System Design: Designing an Online Judge
An Online Judge system like LeetCode, Codeforces, or HackerRank allows users to submit code, which is then executed and verified against hidden test cases. The core technical challenge is Security (running untrusted code) and Scalability (handling bursts of submissions during contests).
1. Core Requirements
- Submission: Users can submit code in various languages (Java, Python, C++, etc.).
- Execution: Running the code against multiple test cases.
- Verification: Comparing the output with the expected result.
- Limits: Enforcing Time Limits (TLE) and Memory Limits (MLE).
- Security: Preventing the user code from accessing the host file system or network.
2. High-Level Architecture
- Web API: Receives code and queues the submission.

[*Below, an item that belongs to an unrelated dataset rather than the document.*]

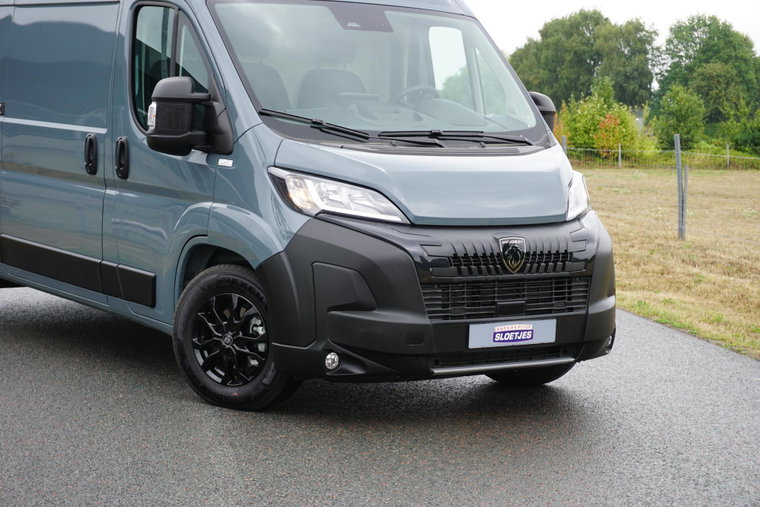 Vehicle Image 40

- Message Queue (Kafka): Buffers submissions to handle traffic spikes.
- Judge Workers: Pull submissions from the queue and execute them in a secure sandbox.
- Result Store (Postgres/Redis): Stores submission results and real-time status.
3. Code Isolation (The Security Heart)
Running untrusted user code on your server is dangerous. You must isolate it completely.
- Option A: Docker Containers. A good starting point, but "Root" in a container can sometimes escape to the host.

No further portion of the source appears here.